本記事では、【a nation online 2020】に出演したアーティストの中から何組か絞って、その模様をレポートする。
・大塚紗英
<Blue Stage>のトップバッターは、メディアミックスプロジェクト『BanG Dream!』の花園たえ役や、Poppin’ Partyのリードギターとしても知られる、2020年2月にエイベックスよりデビューしたシンガーソングライターの大塚紗英が務めた。大塚紗英の持ち時間は「ぬか漬け」「What's your Identity?」の2曲のみという短いもの。「ぬか漬け」では流れるようなメロディの中で、時には倒れこんで歌唱するなど動きのあるステージであったのと対照的に、「What's your Identity?」ではギターを持ちながらマイクスタンドの前で歌い上げた。今回、自分の私服を3着縫い合わせて作ったトップスと、「ぬか漬け」のMVでも着ていたスカートという衣装で登場した大塚紗英。短い時間でありながらも、自身のアイデンティティを前面に出した、印象に残るステージとなった。
・三浦大知
<Green Stage>にはバックバンドと4人のダンサーと一緒にステージに立った三浦大知が登場。2020年6月にリリースした「Yours」で切れのあるダンスをさっそく披露して始まった今回のライブ。

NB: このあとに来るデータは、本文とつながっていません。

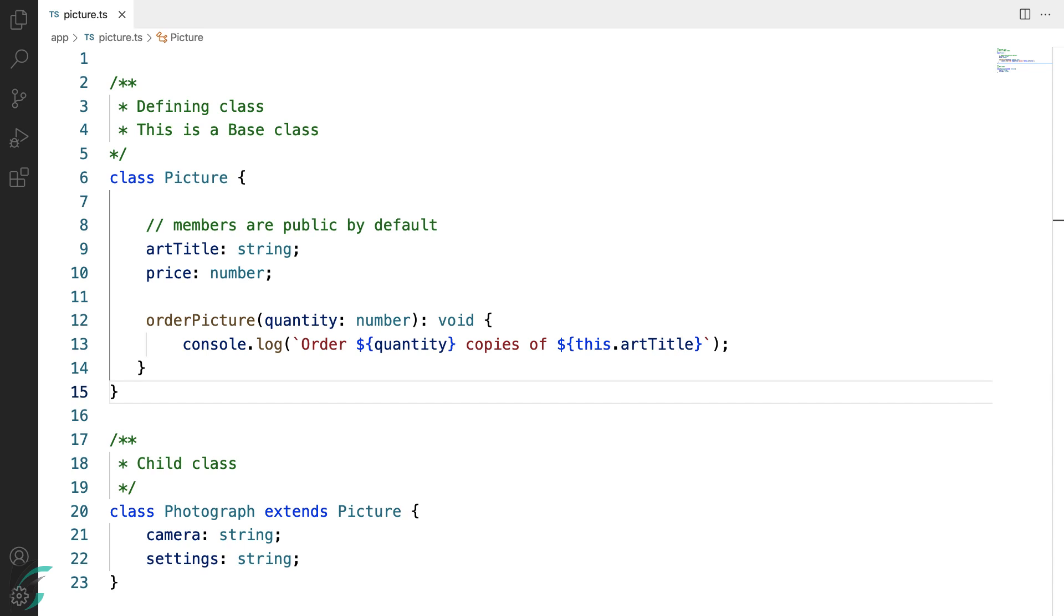Now in previous lessons we had seen how an interface extends another interface. In the same way, classes can extend classes.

「音楽でつながりましょう!」と言った三浦大知は2曲目に「Blizzard」を披露。終始オンラインの向こう側にいる観客に語りかけるような歌い方、そして表情を見せた。「皆さんそれぞれの形、それぞれのスタイルでこのオンラインライブ楽しんでくれたらうれしいです」と言って次に披露したのは“完璧な休日”こと「Perfect Day Off」。大きく手を振って観客に呼びかける三浦大知は「みんなのことは見えないけど最高なのは伝わってきます!」と、多幸感あふれる表情とモーションで応えた。「Be Myself」でラストスパートのボルテージを上げると、最後の1曲「I'm Here」では、「Goodbye Goodbye Goodbye」のコーラスをベースに紡ぎだされる丁寧な歌詞が、自分のためだけに語られているような感覚になった人もいるだろう、穏やかかつ力強いメッセージとして響いた。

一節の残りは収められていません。